Netzneutralität im neuen TKG

Das Telekommunikationsgesetz (TKG) regelt die technische Infrastruktur, soweit es um Telekommunikation geht. Das betrifft verschiedenste Bereiche, unter anderem aber auch die Frage, ob und wie Netzbetreiber Daten, die über ihre Netze laufen, beeinflussen dürfen, z.B. verlangsamt, priorisiert oder gar nicht durchleiten. Mit anderen Worten: Soweit Netzneutralität in Deutschland in die Gesetze einfließen würde, bzw. wird, wäre das ein Thema für das TKG.

Für eine TKG-Reform ist vor zwei Wochen ein Referentenentwurf veröffentlicht worden. Ein solcher Entwurf stimmt nicht zwangsläufig mit dem neuen Gesetz überein – aber typischerweise ändern sich zwischen dem Referentenentwurf und dem fertigen Gesetz nur noch Details.
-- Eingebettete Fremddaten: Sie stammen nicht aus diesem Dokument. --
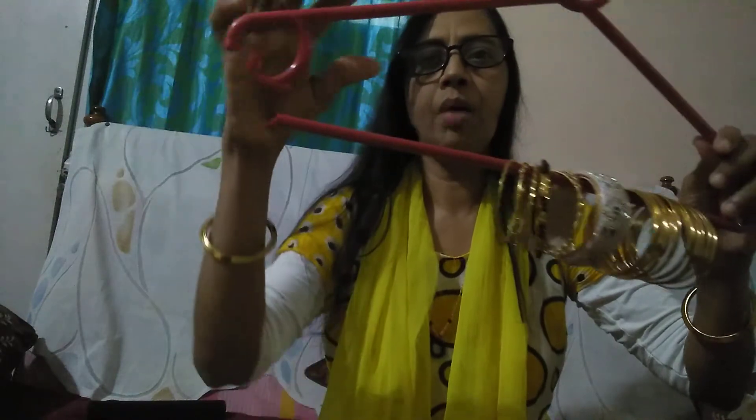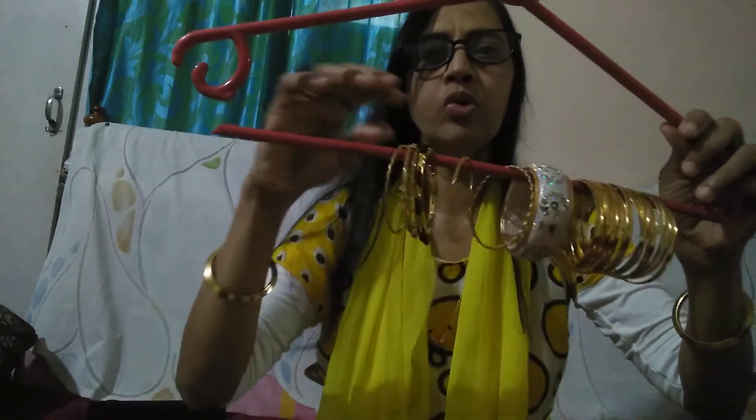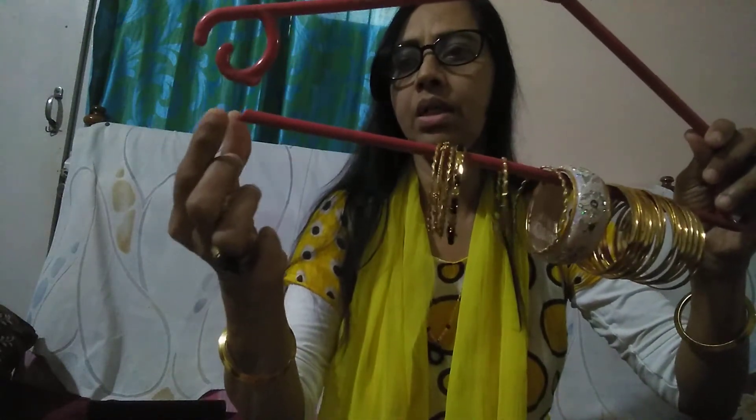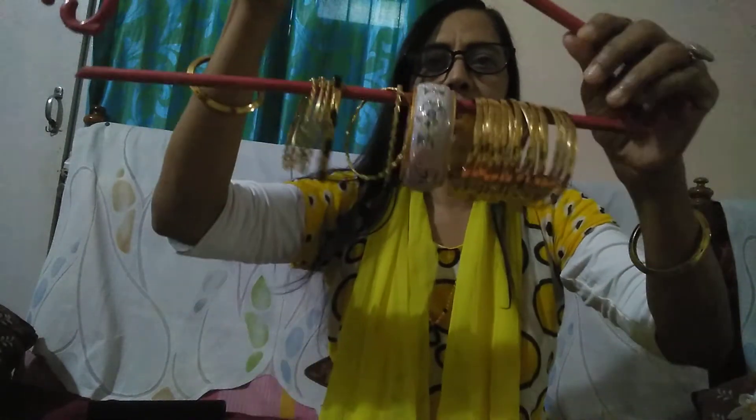That's why we need to make a chain. Then put the hangers in the middle. This will be useful for you. I will put the hangers in the middle.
Insofern kann ein solcher Entwurf schon viel Aufschluss darüber geben, was bald rechtliche Realität sein wird. Der TKG-Referentenentwurf, der hier auf Netzpolitik heruntergeladen werden kann, enthält einige Regeln in Bezug auf Netzneutralität. Wir konnten für Telemedicus Herrn Prof. Dr. Holznagel dafür gewinnen, sich den Entwurf mal in Bezug auf Netzneutralität anzuschauen. Weil das Thema relativ komplex ist, schreibe ich hier mal eine kurze Zusammenfassung.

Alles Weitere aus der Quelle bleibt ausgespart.